Impío estilete del sol divide mi ayer en dos olvidos iguales y persiste una mancha de fulgor en el laberinto sin alas de esta rosa. El canto de la mañana clava su pico de luz, pequeña llama que guía mi pie incierto. El verano en su caída se aferra de la rama más terca del guayacán. Mis manos no me alcanzan. Me despeño entre los que se levantan en esta ciudad cuya caricia es cuchillos ausentes. Todo el esplendor de este día es sólo el comienzo de la herrumbre.
Pequeña Alejandría
“La muerte está hoy ante mis ojos
como el deseo de un hombre cautivo por ver su casa”
Antiguo Egipto
Pongo tempestad en mi corazón y fuego en las palabras. Regreso delirante a la infancia y queda a salvo el papel blanco. Cae indiferente la hoja del árbol, cae una estrella húmeda sobre la hierba, cae un ángel loco en la canoa del sueño y el cantor no se entera en su noche de ébano y droga: Habla más fuerte el mundo su silencio. La muerte está hoy ante mí, la miro a los ojos, mi mirada incendia la escritura y doce soles se consumen sembrando frío adentro: Queda a salvo el papel blanco. Sólo sobreviven la fortaleza de mi infancia, el orgullo risueño de mi madre y el miedo de tu amor. Ahora habla más fuerte el mundo su silencio:
Hay dolores que viven en manada y atacan cuando huelen una herida. Lo que carece de temblor no me interesa. A tu paso se abre el mar rojo: yo me quedo de esta orilla. No hay tierra prometida que cumpla su promesa. Ante los censores escondo mis manos manchadas de tinta. Condenado, cargo la maleta de mis nadas. La palabra silencio habla demasiado para expresarlo. La palabra soledad me acompaña, traicionándose. El pan es estrella irremplazable de la mañana. La violencia nos viene del sol. La fresca sombra del árbol borra mi sombra estremecida.
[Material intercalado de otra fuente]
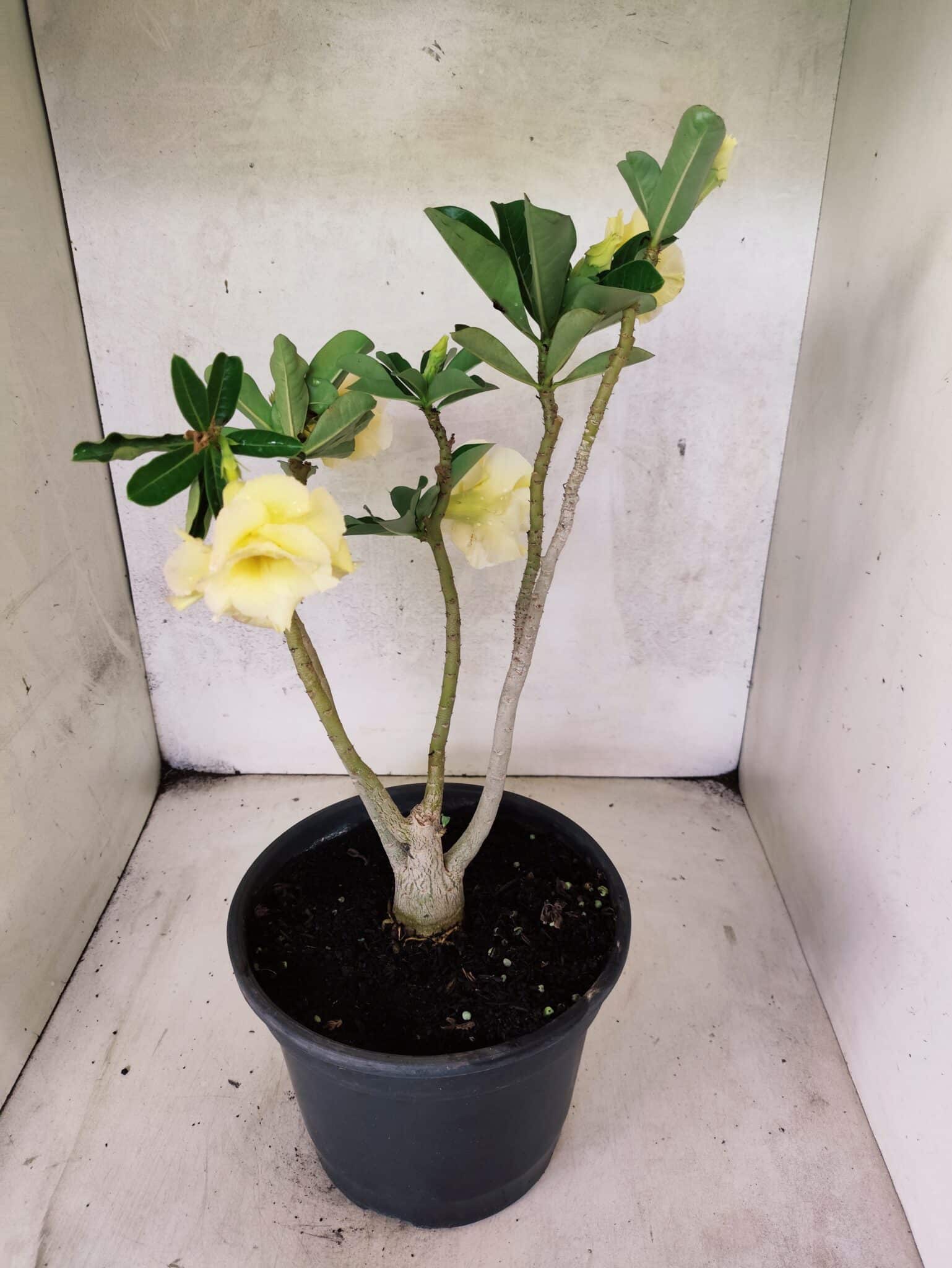 Planta Dobrada 3787 – 40cm – 03 anos - foto 6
A mi regreso, sólo tu perro me reconoce.
Llega a la tierra prometida y no levanta allí su casa; reconoce que dios la ha engañado de nuevo. Llega a la belleza y quiebra su espejo; sabe que ese no es su destino. Llega a la verdad y no se amaña allí; echa sobre sus hombros la pesada carga e inventa un sendero hacia lo inefable con su lámpara de oscuridad. Llega al domingo y no descansa entonces; ama su pie errante. Adelantada a sus propios pasos, invisible y umbría, no posee luz propia pero sabe encender el fuego. Sin fe en el camino, cuanto más se aleja más cerca está del comienzo, hasta alcanzarse a sí misma por la espalda, pero no se reconoce. No mira hacia el horizonte que la llama. No vuelve la cabeza para reconocer el sendero de sal. Su rostro desaparece entre la bruma. Su equívoco pie importa nada. Camina con zapatos de felpa entre el simún, para que su rastro no pueda ser seguido. Sólo el orden del polvo que ha levantado en su errancia estremecida es lo que queda. Para evitar explicaciones se defiende con olvido. La poesía.